Fast exponentiation computes M^{k} in O(log n) matrix multiplications (each 4x4 constant cost).

Approach

1. Handle base n < 4 directly.
2. Binary exponentiation of 4x4 matrix.
3. Multiply result by base vector to get T(n).

Code (C++, Java, Python shown)

C++

#include <array>
using Mat4 = std::array<std::array<long long,4>,4>;

Mat4 mul(const Mat4& A, const Mat4& B){
  Mat4 C{}; for(int i=0;i<4;++i) for(int j=0;j<4;++j){ long long s=0; for(int k=0;k<4;++k) s+=A[i][k]*B[k][j]; C[i][j]=s; }
  return C;
}
Mat4 mpow(Mat4 base, long long exp){
  Mat4 R{}; for(int i=0;i<4;++i) R[i][i]=1;
  while(exp){ if(exp&1) R=mul(R,base); base=mul(base,base); exp>>=1; }
  return R;
}
long long tetranacciMatrix(long long n){
  if(n==0) return 0; if(n==1||n==2) return 1; if(n==3) return 2;
  Mat4 M = {{{1,1,1,1},{1,0,0,0},{0,1,0,0},{0,0,1,0}}};
  Mat4 P = mpow(M, n-3);
  // V(3) = [2,1,1,0]^T; T(n) = first row dot V(3)
  return P[0][0]*2 + P[0][1]*1 + P[0][2]*1 + P[0][3]*0;
}

Java

class TetraMatrix {
  long[][] mul(long[][] A,long[][] B){
    long[][] C=new long[4][4];
    for(int i=0;i<4;i++) for(int j=0;j<4;j++){
      long s=0; for(int k=0;k<4;k++) s+=A[i][k]*B[k][j]; C[i][j]=s; }
    return C;
  }
  long[][] mpow(long[][] base,long exp){
    long[][] R=new long[4][4]; for(int i=0;i<4;i++) R[i][i]=1;
    while(exp>0){ if((exp&1)==1) R=mul(R,base); base=mul(base,base); exp >>=1; }
    return R;
  }
  long tetranacci(long n){
    if(n==0) return 0; if(n==1||n==2) return 1; if(n==3) return 2;
    long[][] M={{1,1,1,1},{1,0,0,0},{0,1,0,0},{0,0,1,0}};
    long[][] P= mpow(M, n-3);
    return P[0][0]*2 + P[0][1]*1 + P[0][2]*1 + P[0][3]*0;
  }
}

Python

from typing import List

def _mat_mul(A: List[List[int]], B: List[List[int]]) -> List[List[int]]:
  return [[sum(A[i][k]*B[k][j] for k in range(4)) for j in range(4)] for i in range(4)]

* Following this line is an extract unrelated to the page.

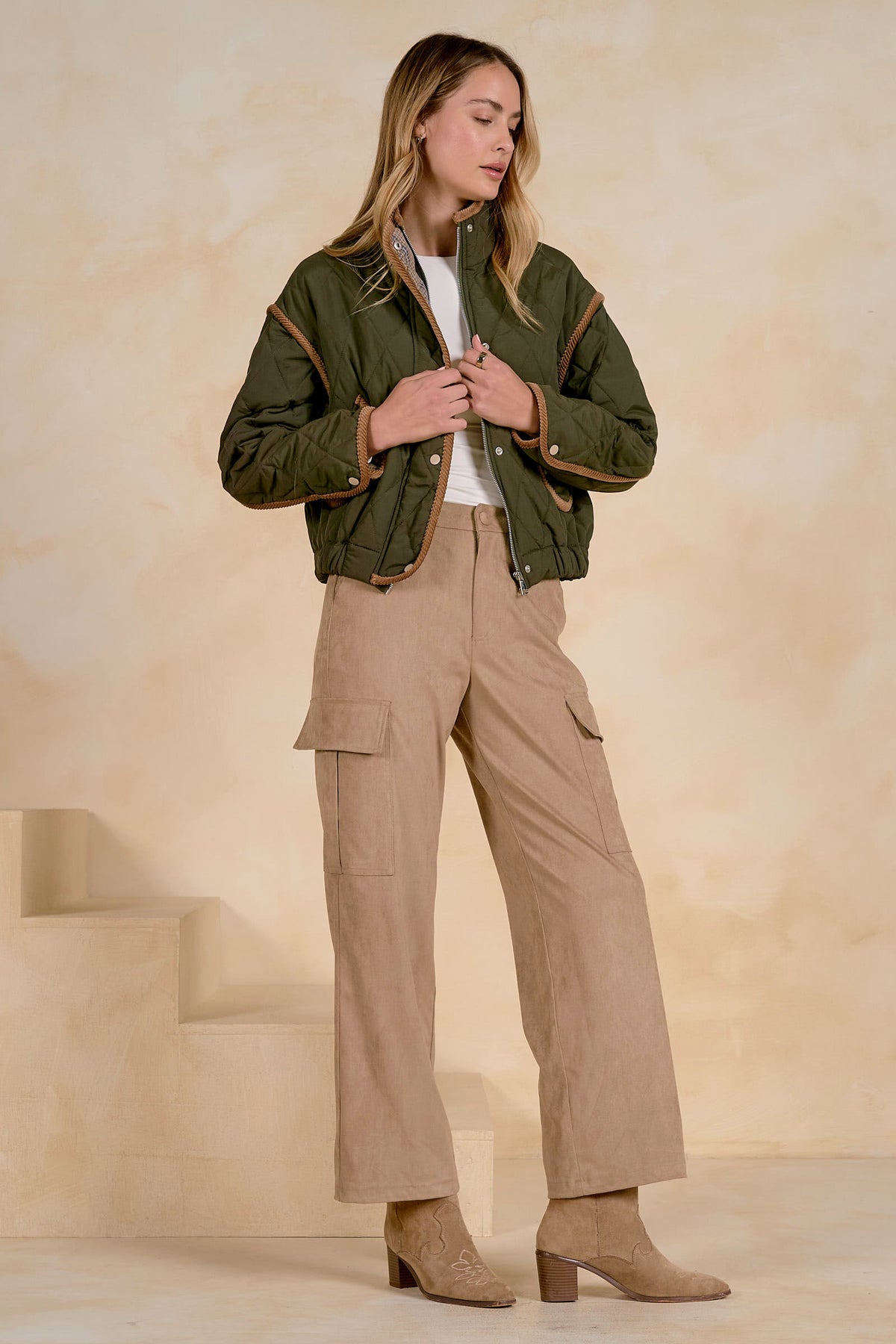 Corduroy Trim Jacket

def _mat_pow(M: List[List[int]], e: int) -> List[List[int]]:
  R = [[int(i==j) for j in range(4)] for i in range(4)]
  while e:
    if e & 1:
      R = _mat_mul(R, M)
    M = _mat_mul(M, M)
    e >>= 1
  return R

def tetranacci_matrix(n: int) -> int:
  if n == 0: return 0
  if n in (1,2): return 1
  if n == 3: return 2
  M = [[1,1,1,1],[1,0,0,0],[0,1,0,0],[0,0,1,0]]
  P = _mat_pow(M, n-3)
  return P[0][0]*2 + P[0][1]*1 + P[0][2]*1

Complexity

• ⏰ Time complexity: O(log n) – binary exponentiation of constant-size matrix.
• 🧺 Space complexity: O(1) – (ignoring recursion; iterative). Matrix storage constant.

Method Comparison

Method	Time	Space	Notes
1 Naive Recursion	O(4^n)	O(n)	Pedagogical only
2 Memoization	O(n)	O(n)	Simple; top-down
3 Bottom-Up Array	O(n)	O(n)	Straightforward tabulation
4 Space Optimized	O(n)	O(1)	Preferred for large n (unless log method)
5 Matrix Exponentiation	O(log n)	O(1)	Fast for large n; linear recurrence trick

Notes

• For very large n, numbers grow exponentially; consider using big integers or applying a modulus (e.g., 1e9+7) — adjust operations accordingly.
• The matrix exponentiation method generalizes to any k-step Fibonacci by using a k×k companion matrix.
• If only sequential queries with increasing n arrive, maintain a rolling window (Method 4) and append new values in amortized O(1).